Disputam o governo o atual dirigente, Carlos Gaguim (PMDB) e o ex-governador Siqueira Campos (PSDB). A economia do Estado tem a agropecuária o carro-chefe do seu desenvolvimento. Os economistas classificam como alta as exportações, o aumento na geração de empregos, os investimentos em obras e os avanços na área social.

Nesse período, o Estado contou com quatro governadores. Tocantins tem cerca de 1,3 milhão de habitantes. A economia está em processo de formação e a análise de suas principais variáveis macro competitivas revelam o potencial de seu desenvolvimento.

Concessões

O Governo do Estado e o Governo Federal desempenham papel preponderante no processo de desenvolvimento desde a sua criação. São estabelecidas numerosas concessões de serviços públicos, estímulos para a instalação de empresas e recursos para investimento em infraestrutura.

Para isso o governo criou uma série de programas de desenvolvimento que beneficiam os investidores, nas áreas de eletrificação rural e indústria.São programas institucionais de apoio técnico e financeiro as atividades econômicas, além de outros programas para beneficiar microempresários e pequenos produtores rurais.

O Estado se destaca pelo forte investimento em infraestrutura básica e favorecido pela sua localização estratégica.O território é um elo entre as principais regiões do país. O próximo governador tem o desafio de completar a infraestrutura para que o Tocantins entre em sua fase de industrialização.

Ferrovia Norte-Sul

Com a conclusão da Ferrovia Norte-Sul, a expectativa é de que a economia do Estado dê um grande salto para entrar no mercado competitivo e passe a beneficiar seus produtos para exportação.
“A soja é uma commodity que tem uma procura muito grande em função da sua utilização. Este crescimento, em especial, do preço da commodity fez com que fosse impulsionado a produção no Estado”, afirma o Secretário Estadual de Agricultura, Roberto Sahium.

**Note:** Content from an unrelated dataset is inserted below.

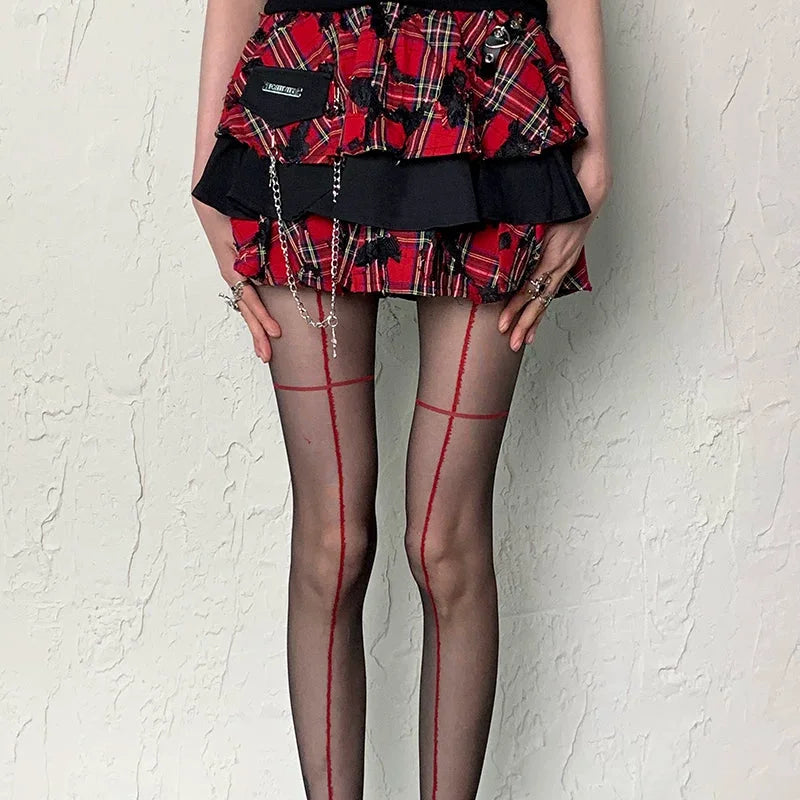 Sheer Black Cross Line Pantyhose with Floral Mesh Accents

Depois da soja, outro produto que impulsiona a economia do Tocantins no exterior é a carne, “cujo mercado ainda é secundário no mercado intencional”, pondera o secretário. Na maior parte, o território do Tocantins é formado por planícies e ou áreas suavemente onduladas, estendendo-se por imensos planaltos e chapadões, o que constitui pouca variação altímétrica se comparado com a maioria dos outros estados.

Região Amazônica

Assim, o ponto mais elevado do Tocantins é a Serra das Traíras, com altitude máxima de 1.340 metros. Em termos de vegetação, o Tocantins é um dos nove estados que formam a região Amazônica. Sua vegetação de cerrado (87% do território) divide espaço, sobretudo, com a floresta de transição amazônica.

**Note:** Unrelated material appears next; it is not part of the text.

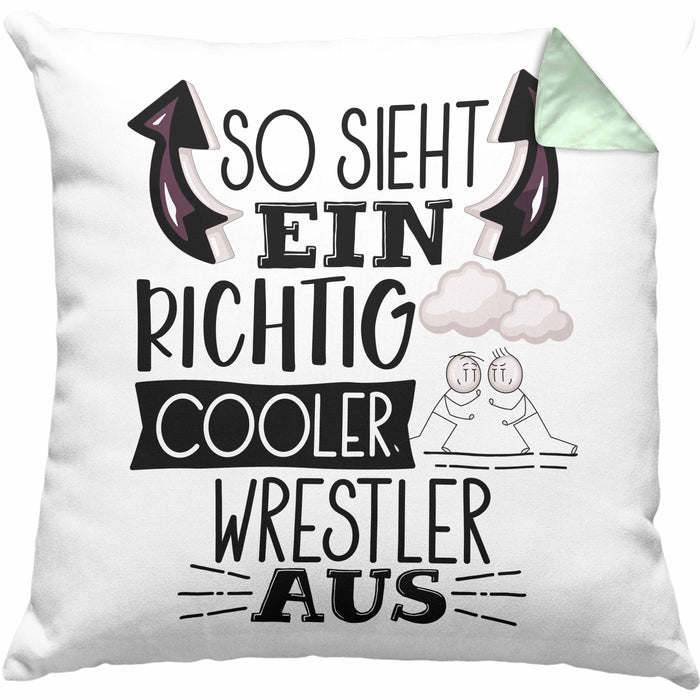So Sieht Ein Richtig Cooler Wrestler Aus Geschenk Kissen mit Füllung 40x40 Lustiger Spruch Geschenkidee (Grau) Grün Trendation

Mais da metade do território do Tocantins (50,25%) são áreas de preservação, unidades de conservação e bacias hídricas, onde se incluem santuários naturais como a Ilha do Bananal (a maior ilha fluvial do mundo) e os parques estaduais do Cantão, do Jalapão, do Lajeado e o Monumento Nacional das Árvores Fossilizadas, entre outros.

No Cantão, três importantes ecossistemas chegam a encontrar-se: o amazônico, o pantaneiro e o cerrado. Só em reservas indígenas, totalizam-se 2 milhões de hectares protegidos, onde uma população de 10 mil indígenas preserva suas tradições, seus costumes e crenças. No Tocantins existem sete etnias (Karajá, Xambioá, Javaé, Xerente, krahô Canela, Apinajè e Pankararú), distribuídas em 82 aldeias.

Perspectivas

O Governo do Estado prevê que até 2030, o Estado deve passar das atuais 7,5 milhões de cabeças para 12 milhões. Na agricultura, de 700 mil hectares cultivados para 4 milhões.

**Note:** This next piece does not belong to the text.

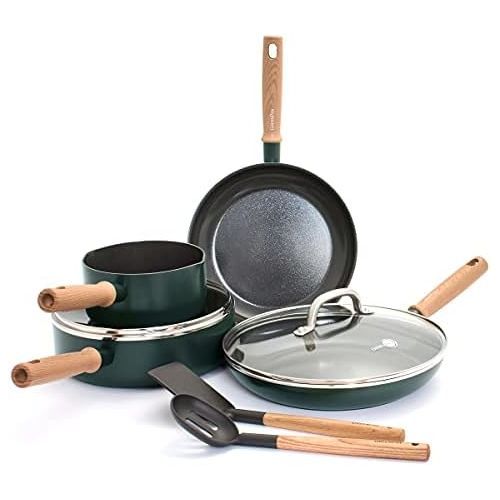  GreenPan Hudson Healthy Ceramic Nonstick, 8 Piece Cookware Pots and Pans Set, Wood Inspired Handle, PFAS-Free, Dishwasher Safe, Forest Green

“Isso deve ser feito sem que seja necessário qualquer desmatamento, mantendo os atuais 51% do território preservados. Vamos trabalhar com a recuperação das áreas degradadas, que somam 5 milhões de hectare”, diz um estudo da Secretaria Estadual de Planejamento.

As ações, segundo o documento, incluem combate e controle de queimadas, recuperação de matas ciliares, produção de adubos alternativos e zoneamento político e agroambiental.